I picked up “American Insurgents, American Patriots” for two main reasons. One is that two of my direct ancestors fought in the American Revolution as citizen soldiers in the New York Militia, and I wanted to better understand their motivations and their experiences. The second reason is that I'm an Occupier, and reading about an earlier generation of American revolutionaries and patriots is inspiring to me.
A couple of things strike me about this book. One is that the ground-level radicals and patriots who made the American Revolution happen had a far more radical conception of direct action than any Occupier. In 1774, two years before the War of Independence officially began, insurgents in New England used a campaign of mob violence and intimidation to drive every official loyal to the British government out of the countryside, leaving the British and loyalists isolated in the cities where they had soldiers to protect them. If the “Sons of Liberty” of 1774 could comment on today's events, they'd be amazed at how peaceful the Occupy movement has been.
The next thing that occurs to me is that the United States government of 2012 has vastly more coercive power than the British Empire of 1774 ever had. The British Empire didn't have anything like the surveillance capability of the US government, it didn't have anything like the modern prison system, and its army had nothing like the disparity in technology that now exists between the US Army and the American public. In 1774, ordinary people could and did offer real resistance to their government in a way that would no longer be possible.
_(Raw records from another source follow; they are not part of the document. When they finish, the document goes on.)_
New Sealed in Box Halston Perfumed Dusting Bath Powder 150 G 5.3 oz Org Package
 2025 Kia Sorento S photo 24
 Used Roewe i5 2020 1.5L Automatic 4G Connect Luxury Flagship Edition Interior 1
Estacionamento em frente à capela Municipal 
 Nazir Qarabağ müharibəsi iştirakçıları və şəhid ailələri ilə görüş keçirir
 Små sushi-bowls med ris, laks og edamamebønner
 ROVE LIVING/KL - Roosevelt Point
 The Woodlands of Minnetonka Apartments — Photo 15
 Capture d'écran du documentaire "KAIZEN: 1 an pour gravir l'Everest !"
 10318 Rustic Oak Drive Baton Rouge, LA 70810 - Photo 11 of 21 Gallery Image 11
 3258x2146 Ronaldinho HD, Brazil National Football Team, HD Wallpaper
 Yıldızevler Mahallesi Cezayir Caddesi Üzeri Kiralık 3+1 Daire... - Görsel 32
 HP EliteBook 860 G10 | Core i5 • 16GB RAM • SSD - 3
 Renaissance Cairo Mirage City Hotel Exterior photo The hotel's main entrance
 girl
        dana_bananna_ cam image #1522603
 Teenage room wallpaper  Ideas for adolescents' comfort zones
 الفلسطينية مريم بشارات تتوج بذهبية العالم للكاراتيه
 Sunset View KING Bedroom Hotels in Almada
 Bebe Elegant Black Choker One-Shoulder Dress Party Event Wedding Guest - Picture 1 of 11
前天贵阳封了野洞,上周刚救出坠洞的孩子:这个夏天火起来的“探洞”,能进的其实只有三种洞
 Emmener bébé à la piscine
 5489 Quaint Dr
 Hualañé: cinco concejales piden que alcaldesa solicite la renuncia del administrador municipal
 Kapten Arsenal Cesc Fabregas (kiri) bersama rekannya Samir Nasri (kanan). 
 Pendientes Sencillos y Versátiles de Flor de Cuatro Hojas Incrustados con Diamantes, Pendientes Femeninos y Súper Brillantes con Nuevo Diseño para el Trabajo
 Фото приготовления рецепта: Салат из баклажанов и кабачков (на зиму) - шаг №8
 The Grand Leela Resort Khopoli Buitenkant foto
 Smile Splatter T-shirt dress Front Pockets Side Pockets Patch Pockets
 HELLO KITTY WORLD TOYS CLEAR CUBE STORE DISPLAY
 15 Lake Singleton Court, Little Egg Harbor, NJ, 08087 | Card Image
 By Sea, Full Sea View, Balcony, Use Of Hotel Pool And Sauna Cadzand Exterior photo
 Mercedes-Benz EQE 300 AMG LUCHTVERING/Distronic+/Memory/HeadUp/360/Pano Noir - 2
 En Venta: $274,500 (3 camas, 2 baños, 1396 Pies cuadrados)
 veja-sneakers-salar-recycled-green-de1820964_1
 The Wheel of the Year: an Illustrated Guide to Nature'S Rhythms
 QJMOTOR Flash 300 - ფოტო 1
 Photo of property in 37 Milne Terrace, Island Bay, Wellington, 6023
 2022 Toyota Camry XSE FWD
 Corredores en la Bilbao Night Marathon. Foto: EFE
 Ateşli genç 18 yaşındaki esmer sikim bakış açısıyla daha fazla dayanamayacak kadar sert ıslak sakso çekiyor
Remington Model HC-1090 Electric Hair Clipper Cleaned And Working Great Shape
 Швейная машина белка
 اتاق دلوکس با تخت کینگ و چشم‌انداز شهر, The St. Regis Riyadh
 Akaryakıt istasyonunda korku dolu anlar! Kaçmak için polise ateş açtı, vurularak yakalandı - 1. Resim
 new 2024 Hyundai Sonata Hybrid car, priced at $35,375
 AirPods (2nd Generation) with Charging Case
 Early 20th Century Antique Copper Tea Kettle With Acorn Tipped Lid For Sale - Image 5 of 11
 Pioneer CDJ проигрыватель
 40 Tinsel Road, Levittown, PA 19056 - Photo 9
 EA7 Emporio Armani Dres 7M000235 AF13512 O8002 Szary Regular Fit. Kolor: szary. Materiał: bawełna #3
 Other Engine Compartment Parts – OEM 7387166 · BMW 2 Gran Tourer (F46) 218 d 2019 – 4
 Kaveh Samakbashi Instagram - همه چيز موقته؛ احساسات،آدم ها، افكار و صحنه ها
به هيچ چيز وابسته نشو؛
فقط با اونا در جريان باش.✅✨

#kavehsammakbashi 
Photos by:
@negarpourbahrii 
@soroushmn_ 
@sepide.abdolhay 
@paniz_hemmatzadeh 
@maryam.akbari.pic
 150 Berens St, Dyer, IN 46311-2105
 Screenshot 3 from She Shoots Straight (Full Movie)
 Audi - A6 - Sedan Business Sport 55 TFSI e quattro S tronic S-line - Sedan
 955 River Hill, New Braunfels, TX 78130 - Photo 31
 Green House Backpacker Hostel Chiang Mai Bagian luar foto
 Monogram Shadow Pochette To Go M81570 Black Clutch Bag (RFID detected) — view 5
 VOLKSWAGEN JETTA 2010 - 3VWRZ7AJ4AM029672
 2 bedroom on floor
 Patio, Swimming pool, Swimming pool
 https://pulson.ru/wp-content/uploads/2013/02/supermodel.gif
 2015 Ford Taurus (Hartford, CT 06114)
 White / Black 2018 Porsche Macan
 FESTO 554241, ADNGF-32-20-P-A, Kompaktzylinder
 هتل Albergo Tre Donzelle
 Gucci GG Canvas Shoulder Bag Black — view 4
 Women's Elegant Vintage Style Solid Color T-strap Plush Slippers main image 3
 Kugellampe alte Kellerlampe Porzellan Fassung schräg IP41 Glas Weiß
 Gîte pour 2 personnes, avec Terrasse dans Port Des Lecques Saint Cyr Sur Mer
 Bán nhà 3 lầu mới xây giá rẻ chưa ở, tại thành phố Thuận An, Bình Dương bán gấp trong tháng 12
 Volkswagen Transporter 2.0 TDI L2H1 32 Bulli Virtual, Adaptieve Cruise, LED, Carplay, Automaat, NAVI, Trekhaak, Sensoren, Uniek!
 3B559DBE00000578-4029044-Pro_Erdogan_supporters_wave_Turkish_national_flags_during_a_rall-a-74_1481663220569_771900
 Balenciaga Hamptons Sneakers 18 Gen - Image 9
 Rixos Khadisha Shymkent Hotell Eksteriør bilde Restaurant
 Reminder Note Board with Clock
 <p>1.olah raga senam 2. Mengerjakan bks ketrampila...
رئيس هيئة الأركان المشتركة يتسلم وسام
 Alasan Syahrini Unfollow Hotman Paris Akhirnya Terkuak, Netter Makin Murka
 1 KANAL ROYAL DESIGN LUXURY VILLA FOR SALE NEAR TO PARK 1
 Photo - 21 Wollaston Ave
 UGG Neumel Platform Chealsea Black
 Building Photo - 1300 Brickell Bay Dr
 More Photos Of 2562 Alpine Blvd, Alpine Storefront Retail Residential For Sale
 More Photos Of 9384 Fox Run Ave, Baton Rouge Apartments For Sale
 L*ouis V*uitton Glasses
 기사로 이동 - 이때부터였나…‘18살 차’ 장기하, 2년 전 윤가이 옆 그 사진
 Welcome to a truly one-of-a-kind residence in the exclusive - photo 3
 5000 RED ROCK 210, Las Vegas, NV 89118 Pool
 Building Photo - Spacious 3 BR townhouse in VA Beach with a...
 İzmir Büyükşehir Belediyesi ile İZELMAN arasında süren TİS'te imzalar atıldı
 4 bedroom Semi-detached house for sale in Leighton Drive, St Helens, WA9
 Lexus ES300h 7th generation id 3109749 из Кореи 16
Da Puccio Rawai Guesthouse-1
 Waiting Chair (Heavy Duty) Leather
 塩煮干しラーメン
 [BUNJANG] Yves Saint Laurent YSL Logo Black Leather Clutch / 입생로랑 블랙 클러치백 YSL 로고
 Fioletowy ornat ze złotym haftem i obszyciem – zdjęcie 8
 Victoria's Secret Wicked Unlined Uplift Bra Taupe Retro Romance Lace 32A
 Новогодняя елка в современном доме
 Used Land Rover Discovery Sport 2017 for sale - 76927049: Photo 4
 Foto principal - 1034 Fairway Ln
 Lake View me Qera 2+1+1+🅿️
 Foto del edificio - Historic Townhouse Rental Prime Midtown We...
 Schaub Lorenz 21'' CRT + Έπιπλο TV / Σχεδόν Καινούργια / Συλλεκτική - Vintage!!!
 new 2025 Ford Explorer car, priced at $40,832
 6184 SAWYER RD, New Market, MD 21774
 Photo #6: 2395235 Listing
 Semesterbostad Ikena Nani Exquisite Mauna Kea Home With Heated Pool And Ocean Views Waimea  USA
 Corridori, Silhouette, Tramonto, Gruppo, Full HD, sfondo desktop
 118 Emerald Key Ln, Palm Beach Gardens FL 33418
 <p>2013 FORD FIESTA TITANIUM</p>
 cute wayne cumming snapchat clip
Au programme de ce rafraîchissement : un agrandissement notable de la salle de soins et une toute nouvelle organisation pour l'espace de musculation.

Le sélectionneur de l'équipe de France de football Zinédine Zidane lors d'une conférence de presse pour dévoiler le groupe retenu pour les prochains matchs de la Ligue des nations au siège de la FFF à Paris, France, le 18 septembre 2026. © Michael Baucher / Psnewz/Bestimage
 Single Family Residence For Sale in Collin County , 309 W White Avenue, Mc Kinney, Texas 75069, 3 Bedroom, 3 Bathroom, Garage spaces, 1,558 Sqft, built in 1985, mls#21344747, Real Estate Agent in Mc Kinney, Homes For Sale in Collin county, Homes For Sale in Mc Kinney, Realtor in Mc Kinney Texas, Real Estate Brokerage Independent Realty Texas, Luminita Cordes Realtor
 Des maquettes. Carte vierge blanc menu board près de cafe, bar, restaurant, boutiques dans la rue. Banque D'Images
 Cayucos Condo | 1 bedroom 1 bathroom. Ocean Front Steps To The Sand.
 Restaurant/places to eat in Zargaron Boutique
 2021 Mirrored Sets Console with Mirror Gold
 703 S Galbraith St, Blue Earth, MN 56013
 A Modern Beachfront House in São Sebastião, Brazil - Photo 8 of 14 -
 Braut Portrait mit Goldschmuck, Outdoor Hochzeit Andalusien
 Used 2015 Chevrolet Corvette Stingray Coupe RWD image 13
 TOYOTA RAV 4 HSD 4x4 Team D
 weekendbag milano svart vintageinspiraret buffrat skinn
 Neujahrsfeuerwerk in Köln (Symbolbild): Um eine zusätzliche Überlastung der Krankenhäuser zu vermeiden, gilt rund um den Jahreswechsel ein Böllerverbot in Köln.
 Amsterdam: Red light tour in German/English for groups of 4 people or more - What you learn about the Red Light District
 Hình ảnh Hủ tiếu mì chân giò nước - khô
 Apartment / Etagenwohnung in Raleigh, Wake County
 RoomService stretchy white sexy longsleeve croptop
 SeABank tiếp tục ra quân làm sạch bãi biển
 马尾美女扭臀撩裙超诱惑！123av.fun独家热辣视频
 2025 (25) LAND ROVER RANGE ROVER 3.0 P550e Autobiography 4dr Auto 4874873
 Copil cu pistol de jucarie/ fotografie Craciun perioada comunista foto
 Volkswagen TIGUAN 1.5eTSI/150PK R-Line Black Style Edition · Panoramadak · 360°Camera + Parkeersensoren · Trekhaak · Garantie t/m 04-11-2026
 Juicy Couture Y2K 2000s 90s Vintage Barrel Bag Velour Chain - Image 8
The final thing that occurs to me is that the typical American rebel of 1774 and onward was a mix of beliefs and motivations that have since become separated into distinct factions. The first American revolutionaries were motivated by fierce egalitarianism, a firm and passionate belief in individual rights and liberties, evangelical Protestantism, and a belief in the sanctity of private property. I would say that the activists of the Occupy movement represent the egalitarian and rights-based aspects, while the Tea Party represents the evangelical Protestant and private property aspects of the American tradition.